Tais mecanismos, contudo, não são suficientes para promover o dinamismo econômico local que demanda a articulação de políticas públicas em diversas áreas como educação, infraestrutura, além de estímulos microeconômicos, como acesso ao crédito, compras públicas e simplificação de procedimentos e, por fim, o desenvolvimento de uma cultura empreendedora. A combinação e coordenação de esforços entre setores da administração e a qualidade da relação com os agentes privados, construindo uma visão de longo prazo e as condições para a realização de investimentos, serão determinantes para alcançar o tão almejado dinamismo econômico. Como é possível notar, é preciso utilizar um cardápio muito mais amplo de medidas para estimular o desenvolvimento econômico. E mais… é possível encontrar alternativas eficazes mesmo nos contextos mais adversos, como ilustra o exemplo de Canaã dos Carajás, cidade paraense onde a Agenda Pública desenvolveu recentemente um projeto de dinamismo econômico.

O município no sudeste do estado – que foi beneficiado por um grande projeto de mineração da Vale, o complexo S11D – fica muito distante dos maiores mercados consumidores da região, como Belém, Palmas e São Luís, e enfrenta sérios problemas de infraestrutura logística. É comum observar em municípios que recebem projetos de tamanha magnitude, que eles se tornam altamente dependentes da mineração, que passa a ser uma das únicas atividades geradoras de tributos e empregos.
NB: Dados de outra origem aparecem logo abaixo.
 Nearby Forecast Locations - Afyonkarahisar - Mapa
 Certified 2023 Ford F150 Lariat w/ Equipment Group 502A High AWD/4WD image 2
Não foi o caso de Canaã dos Carajás.

Nesse contexto, a Agenda Pública recebeu um grande desafio da Fundação Vale, responsável pela iniciativa: oferecer apoio à criação de um distrito industrial no município. Trata-se de uma iniciativa complexa, na qual estão envolvidos grandes riscos, uma vez que, além da existência de demanda para produtos e serviços a serem produzidos ali, fatores como facilidade de acesso a mercados, integração a cadeias produtivas regional, nacional ou internacional, além de questões como falta de infraestrutura, custo da energia, capital humano e a precariedade do ambiente de negócios local ameaçavam o sucesso do empreendimento.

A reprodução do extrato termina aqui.